Parents These Days

Ethan Zuckerman has an interesting addition to the discussion of class and networking, offering a description of a talk by danah boyd (whose name I have been capitalizing, which apparently isn't right) about the history and usage of MySpace and Facebook. What's particularly striking is the opening:

danah began her discussion with two quotes, one from über-blogger Kathy Sierra's 16-year old daughter Skyler, who observed, "If you're not on MySpace, you don't exist." The other quote, from a 16-year old named Amy, explains the appeal of these spaces for some American teens: "My mom doesn't let me out of the house very often, so that's pretty much all I do..." The central point of danah's talk - or at least the one I took away - is that teens are using these online spaces very differently from the way my generation of online users did. They use them not to meet people from around the world who share a common interest, but to have interactions with people they know in real-life because they've got so few opportunities for interaction in the real world.
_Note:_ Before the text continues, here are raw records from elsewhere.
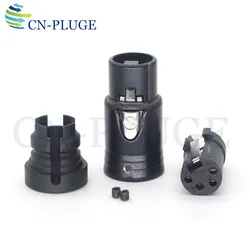 Low Profile NEURIK XLR 4-Pin And XLR 4-Pin Female Audio Plug
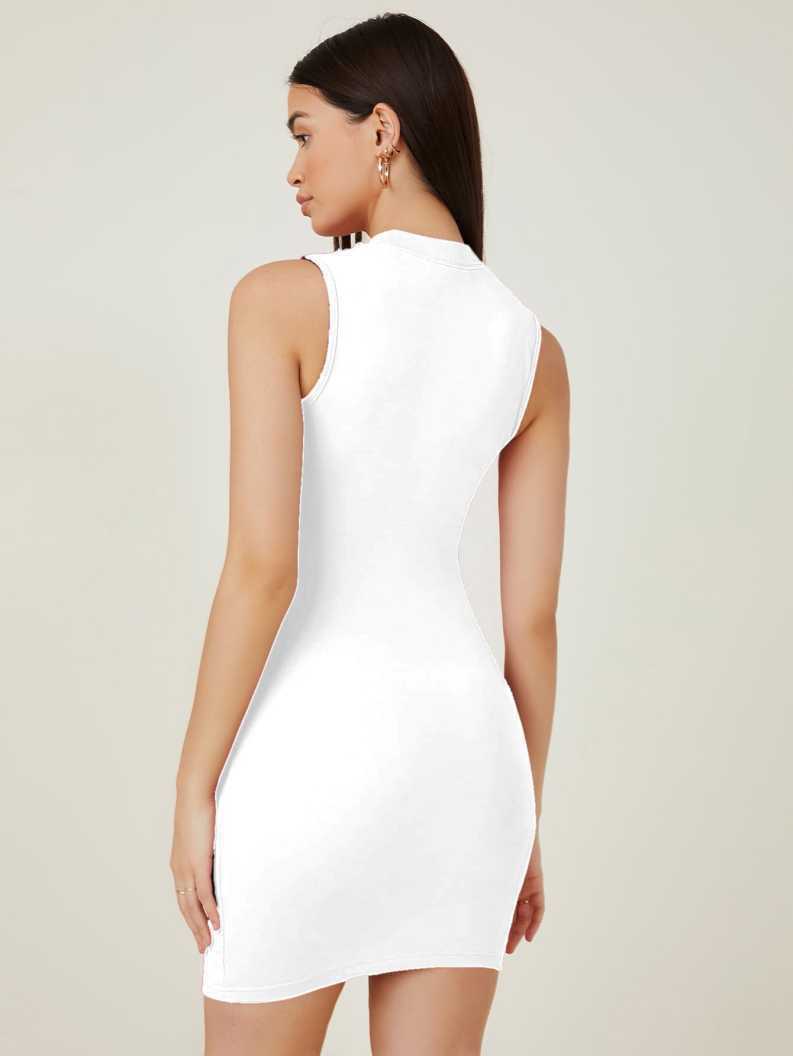 White bodycon dress on sale india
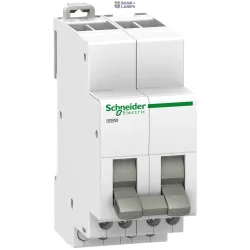 Schneider Electric A9E18071 — Changeover slēdzis Acti9 iSSW, 20 A, 2P, 250 V AC, 2CO, 2 positions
She elaborates on this later on, and it's really kind of sad:

danah reminds us that "teenagers" are a recent contept - three generations ago, kids above fourteen would move into work or farm environments and would be rapidly socialized into adult life. With the emergence of 1950s teenage culture, we've moved into a realm of age segregation where "it's considered freaky to know people two years older than you are." This age segregation has been compounded by pervasive fear of "stranger danger", which has unfortunately been reinforced by real-world events like the revelations about abuse in Catholic churches, which has removed yet another context in which adults and teens interact. (danah points to World of Warcraft as one of very few online spaces that encourages "real age diversity", with people of different ages cooperating on common goals.)
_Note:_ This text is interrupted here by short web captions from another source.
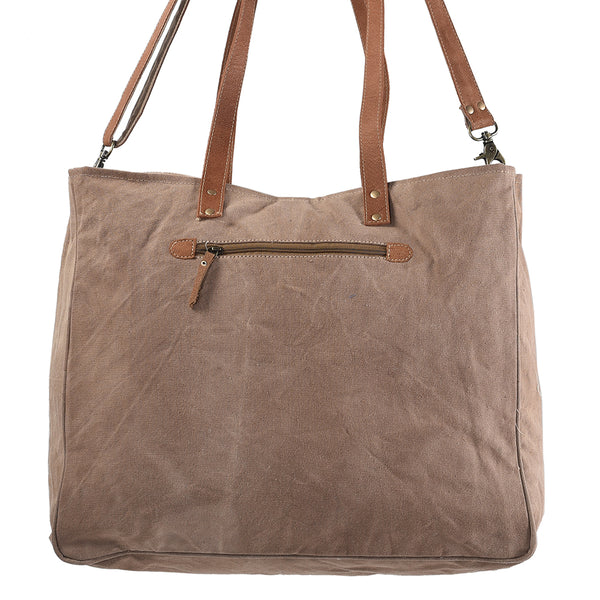 LC-KB249Tote Upcycled Canvas Ladies Bag
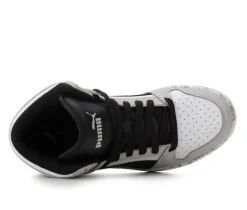 Boys' Puma Big Kid Rebound Lay Up Mid Marble Basketball Sneakers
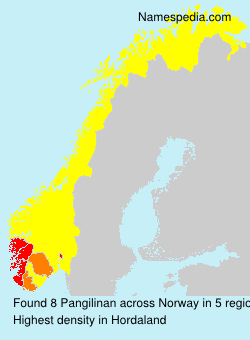 Surname Pangilinan in Norway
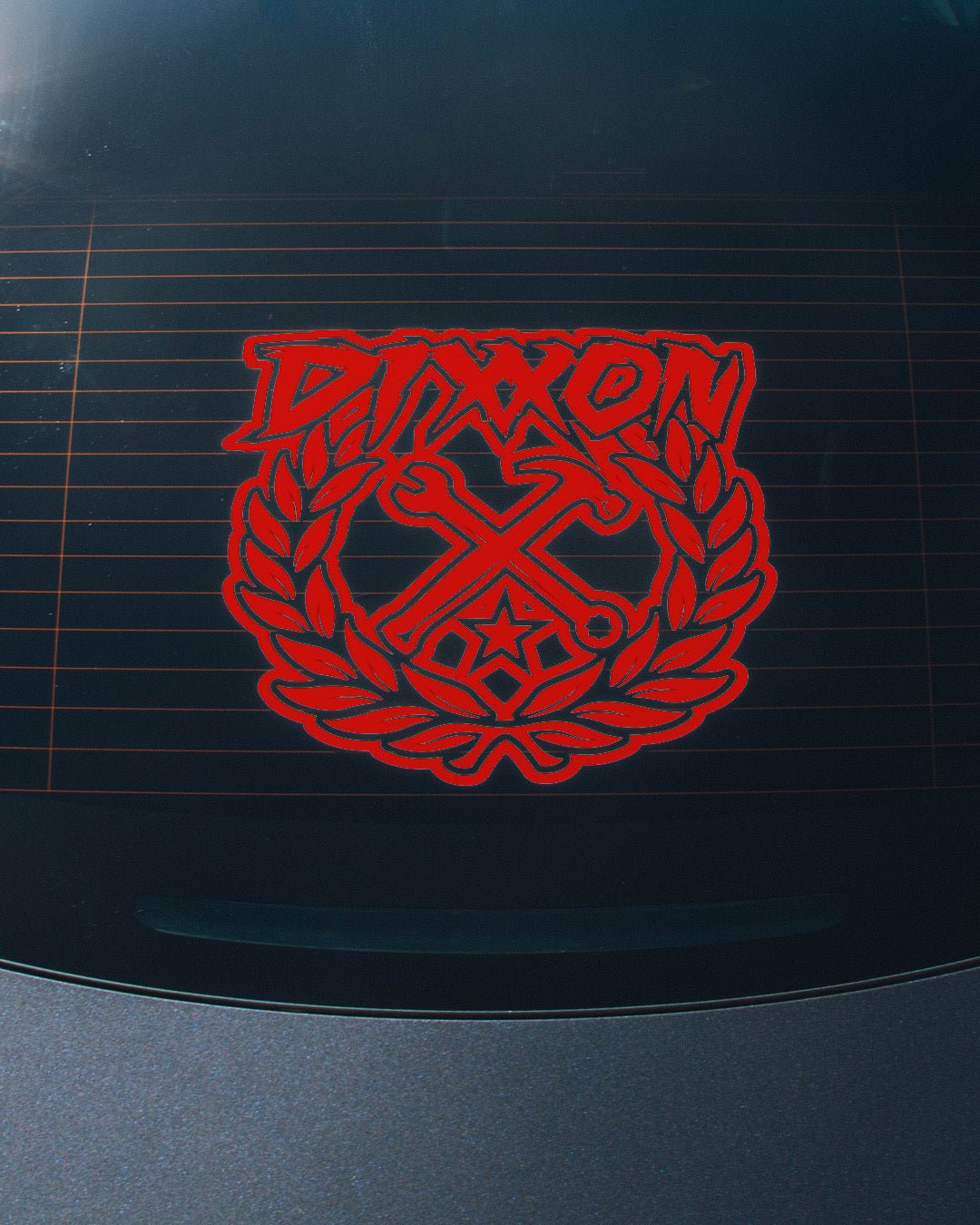 Party Crest Die Cut Sticker - 14"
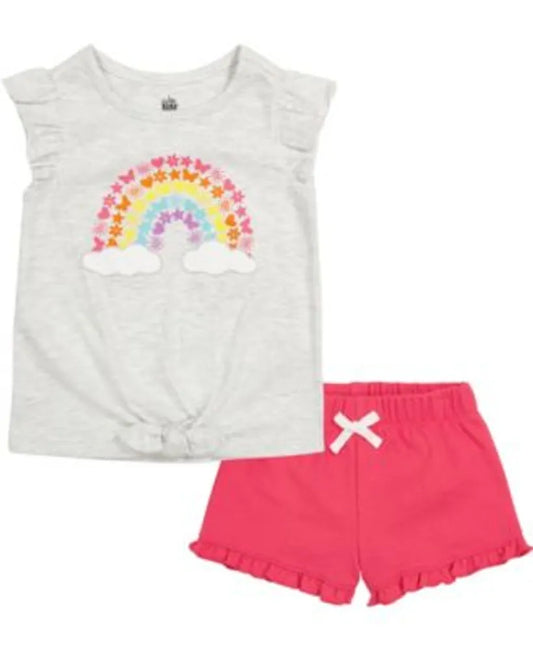 Conjunto niña arcoiris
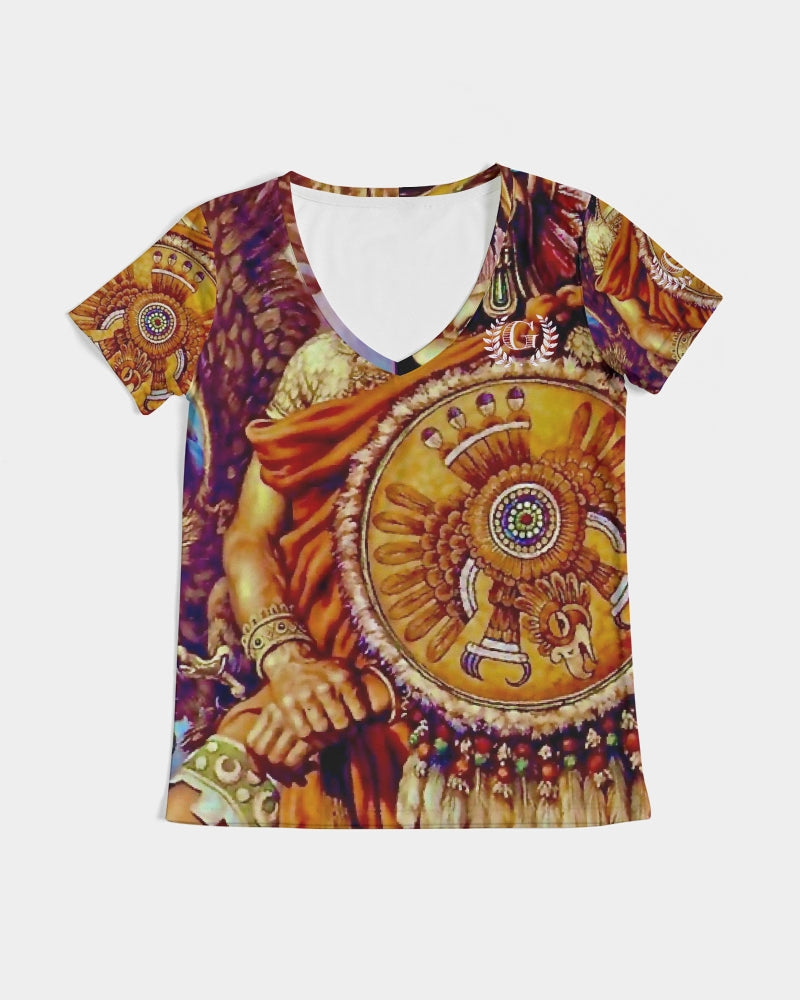 Aztecs Women's V-Neck Tee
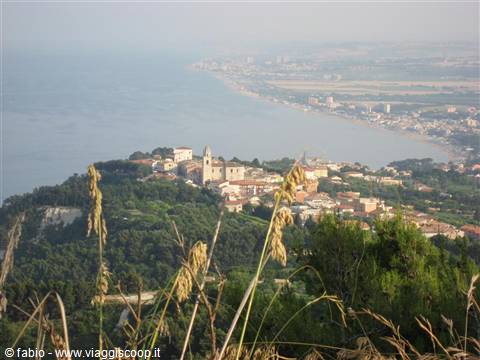 the view over sirolo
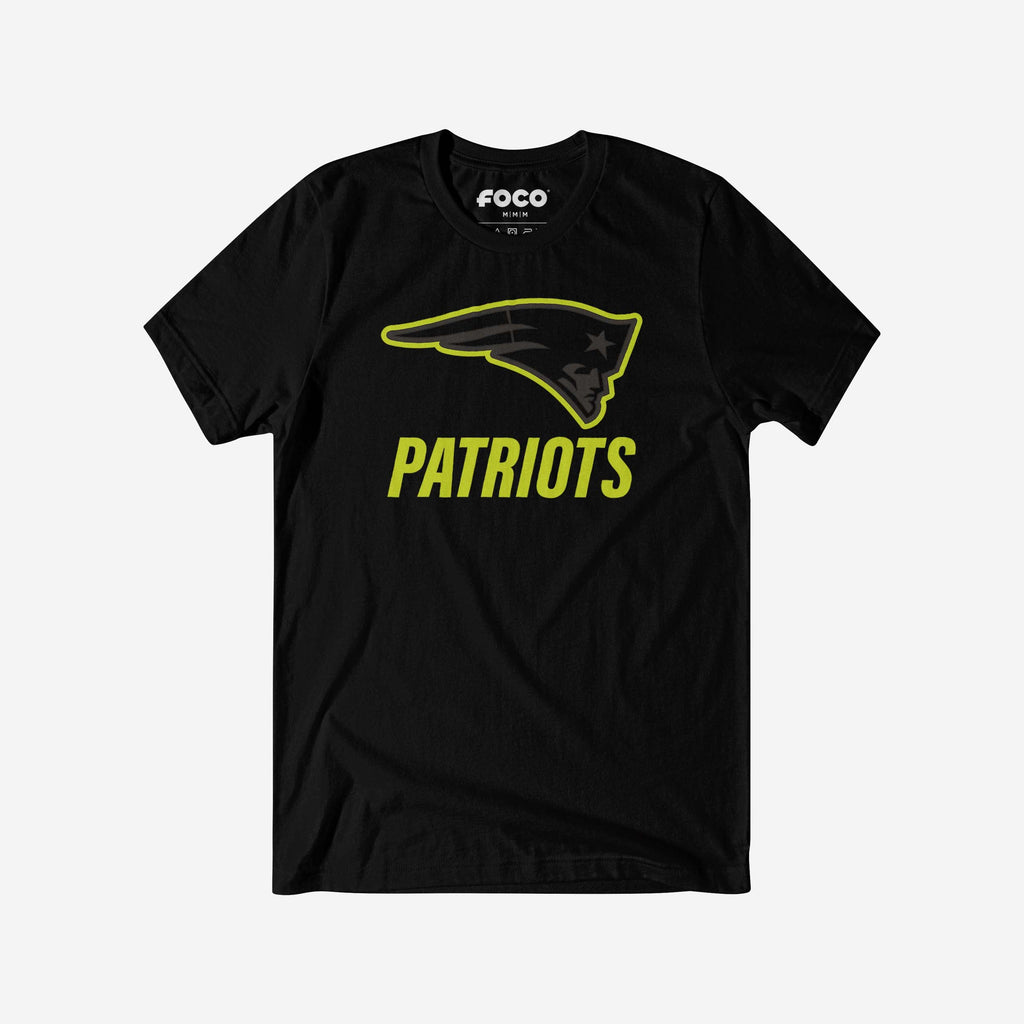 New England Patriots Highlight Reel T-Shirt FOCO Black/Volt S - FOCO.com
I'm not sufficiently plugged in to teen culture to be able to assess how accurate this is, but it does ring true. It fits well with the breathless scare stories about the Internet that have become a staple of evening news broadcasts, and with the oft-remarked lack of unsupervised play time for lots of kids these days. Even in our pleasant corner of affluent suburbia, there aren't as many kids roaming around as I would've expected from my own childhood-- you see kids outside, but they're mostly playing in their own yards, in relatively small groups. I could easily believe that a lot of online interaction is taking the place of what would've been face-to-face interaction some years ago.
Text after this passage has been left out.